= EXERCISE PROMPT =
Exact reproduction, images excluded: write out the records below.

= PROVIDED DATA =
________

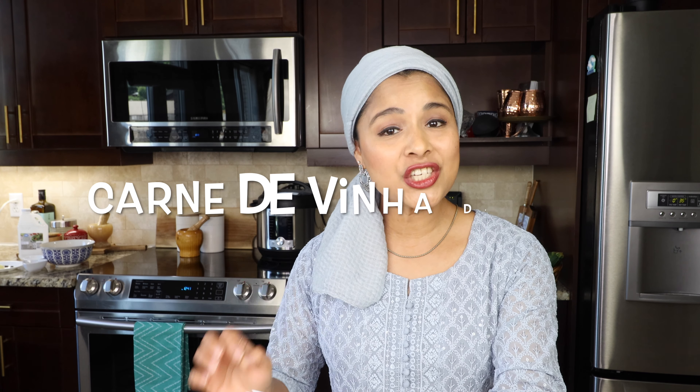Hey everyone, this is Taz and welcome to my channel. I hope everybody is doing great. In this video I'm going to share the recipe for making restaurant style beef vindaloo in the instant pot. Vindaloo is a popular curry based dish in India, popular in the state of Goa. However, the origin of vindaloo is Portugal, and in Portuguese this dish is called 'carne de vinha d'alhos.' I hope I got the pronunciation correct — any Portuguese watching, do let me know.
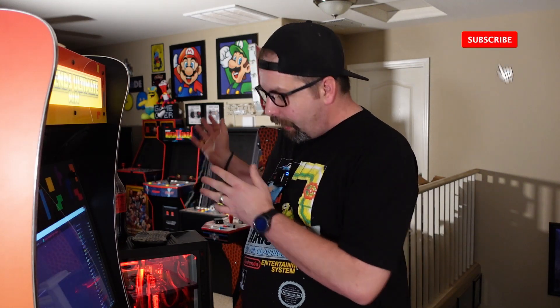Hey everybody, it's P-Dubs. Thanks as always for hanging out upstairs with us and for checking out the channel. Today we're in the loft — the extended loft — where I have the AtGames Legends Ultimate Mini Arcade Machine. We're going to show you how, using Fightcade, you can play a whole bunch of online games against other people on your AtGames Arcade family of products using their built-in OTG features and connecting your gaming PC or laptop to the arcade cabinet.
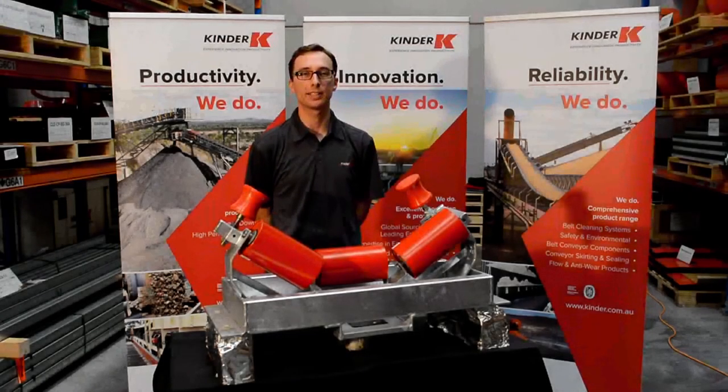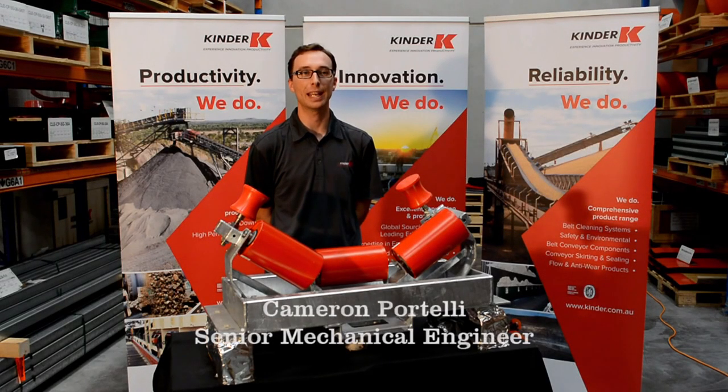Hi and welcome to the K Trough Tracking Idler presentation. I'm Cameron Portelli, Mechanical Engineer at Kinder Australia.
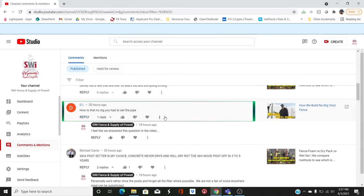We got a lot of these: 'How is that no dig fence?' This is on the no dig vinyl fence video. 'How's that no dig fence? You had to set the pipe.' Yeah, sorry — busted. When we mean no dig, we mean like... we dug two holes. One was for the center stop and one was due to utility conflicts.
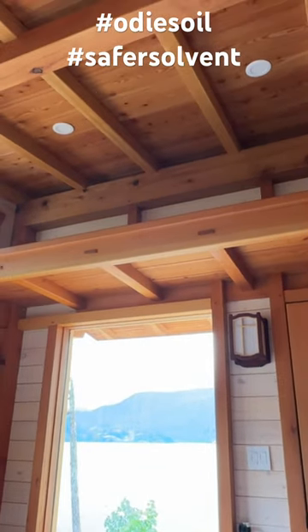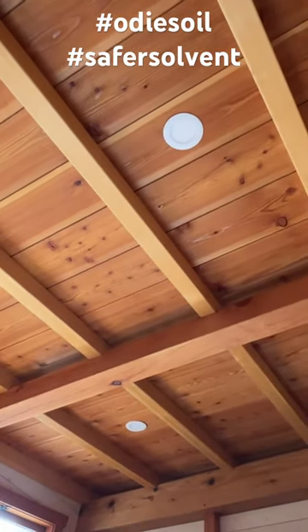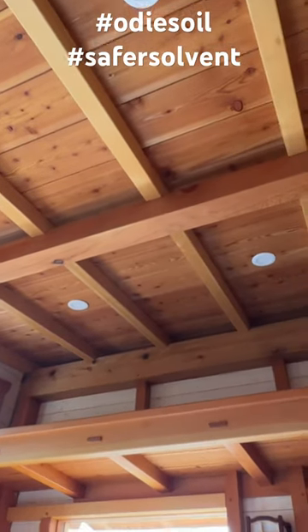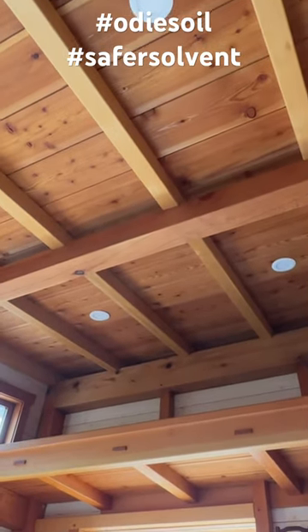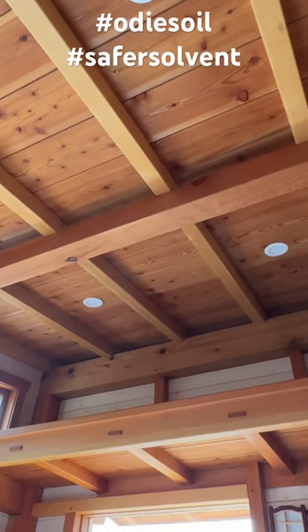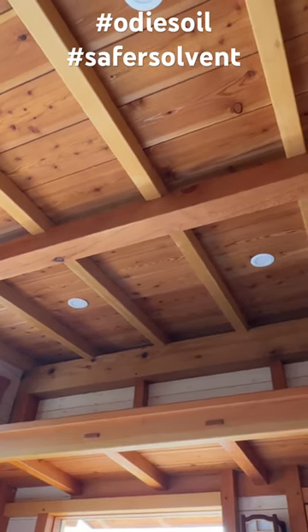Well, everything is oiled up and dried, and my technique of mixing the solvent with the Odie's oil worked like a charm. I was able to roll this all on in a couple of hours and wipe it all off with a rag, and it looks exactly like every other application of Odie's oil.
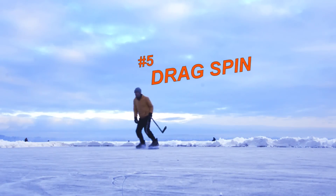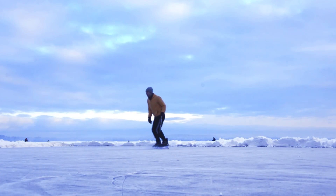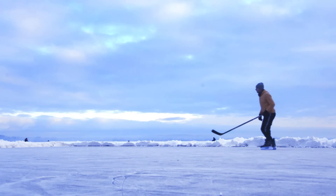In fifth place comes a drag spin. Drag one skate behind to trigger a 180 degree spin. I use this one a lot on inline skates, but not that much on ice. Though for beginners it's a good first transition to learn.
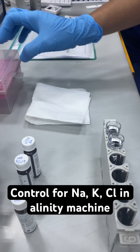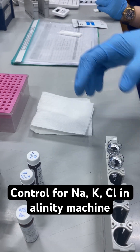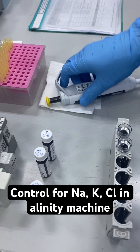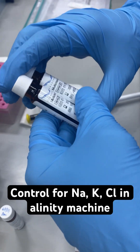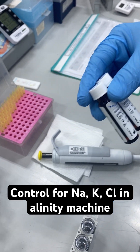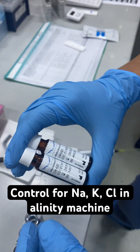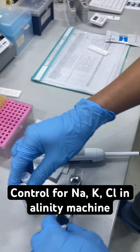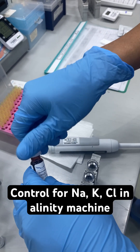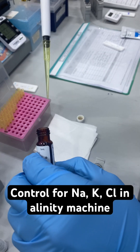So we will start now. First, make sure that the controls are already standing at room temperature for 15 to 20 minutes. Mix carefully — shake or rotate. Then take 100 µL each.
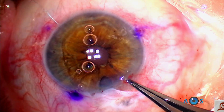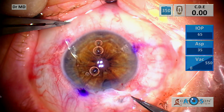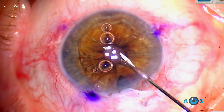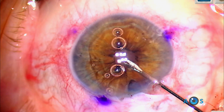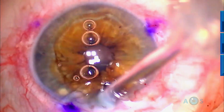A perfectly centered round pupil is achieved and this beautiful technique is completed. Thank you.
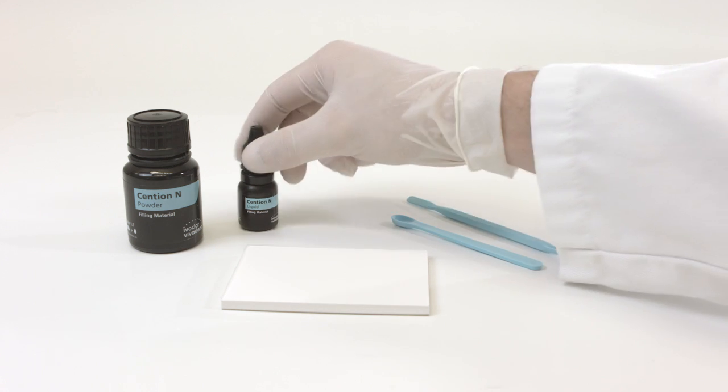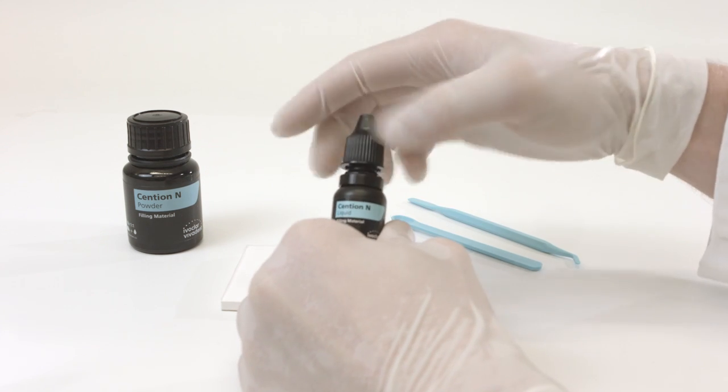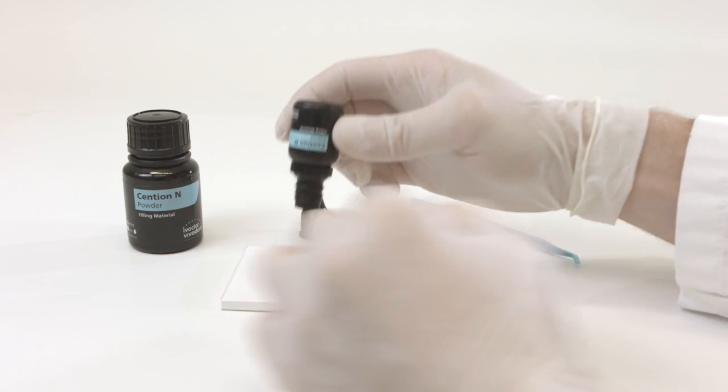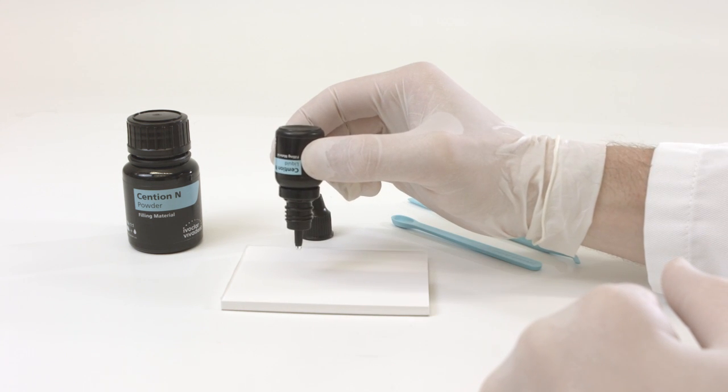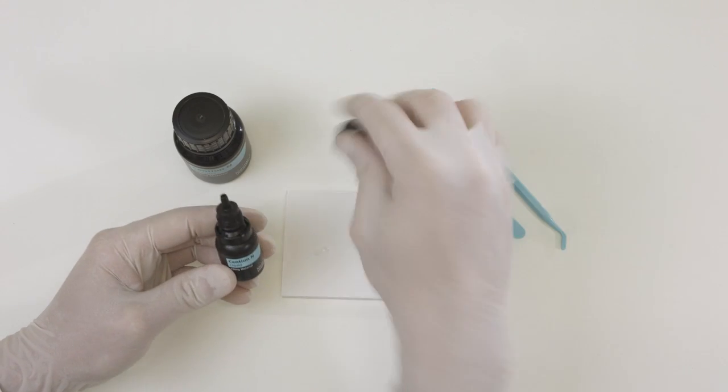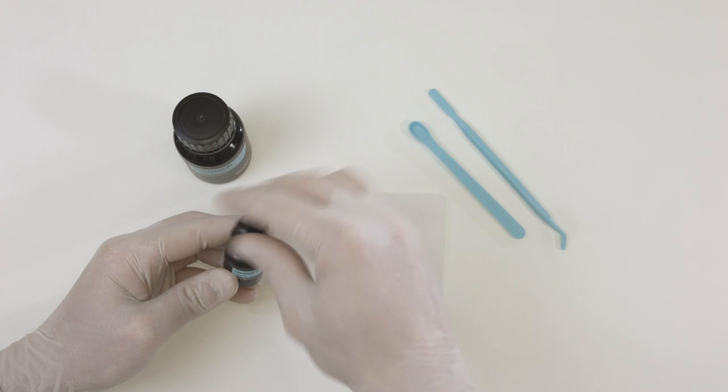Hold the bottle containing the liquid in a vertical position. Squeeze the bottle lightly and evenly to dispense one drop. Make sure that the drop separates from the bottle by itself without touching the mixing pad. This helps you prevent air bubbles from becoming enclosed in the liquid.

________

= TASK OUTPUT =
Hey everyone, this is Taz and welcome to my channel. I hope everybody is doing great. In this video I'm going to share the recipe for making restaurant style beef vindaloo in the instant pot. Vindaloo is a popular curry based dish in India, popular in the state of Goa. However, the origin of vindaloo is Portugal, and in Portuguese this dish is called 'carne de vinha d'alhos.' I hope I got the pronunciation correct — any Portuguese watching, do let me know.
Hey everybody, it's P-Dubs. Thanks as always for hanging out upstairs with us and for checking out the channel. Today we're in the loft — the extended loft — where I have the AtGames Legends Ultimate Mini Arcade Machine. We're going to show you how, using Fightcade, you can play a whole bunch of online games against other people on your AtGames Arcade family of products using their built-in OTG features and connecting your gaming PC or laptop to the arcade cabinet.
Hi and welcome to the K Trough Tracking Idler presentation. I'm Cameron Portelli, Mechanical Engineer at Kinder Australia.
We got a lot of these: 'How is that no dig fence?' This is on the no dig vinyl fence video. 'How's that no dig fence? You had to set the pipe.' Yeah, sorry — busted. When we mean no dig, we mean like... we dug two holes. One was for the center stop and one was due to utility conflicts.
Well, everything is oiled up and dried, and my technique of mixing the solvent with the Odie's oil worked like a charm. I was able to roll this all on in a couple of hours and wipe it all off with a rag, and it looks exactly like every other application of Odie's oil.
In fifth place comes a drag spin. Drag one skate behind to trigger a 180 degree spin. I use this one a lot on inline skates, but not that much on ice. Though for beginners it's a good first transition to learn.
So we will start now. First, make sure that the controls are already standing at room temperature for 15 to 20 minutes. Mix carefully — shake or rotate. Then take 100 µL each.
A perfectly centered round pupil is achieved and this beautiful technique is completed. Thank you.
Hold the bottle containing the liquid in a vertical position. Squeeze the bottle lightly and evenly to dispense one drop. Make sure that the drop separates from the bottle by itself without touching the mixing pad. This helps you prevent air bubbles from becoming enclosed in the liquid.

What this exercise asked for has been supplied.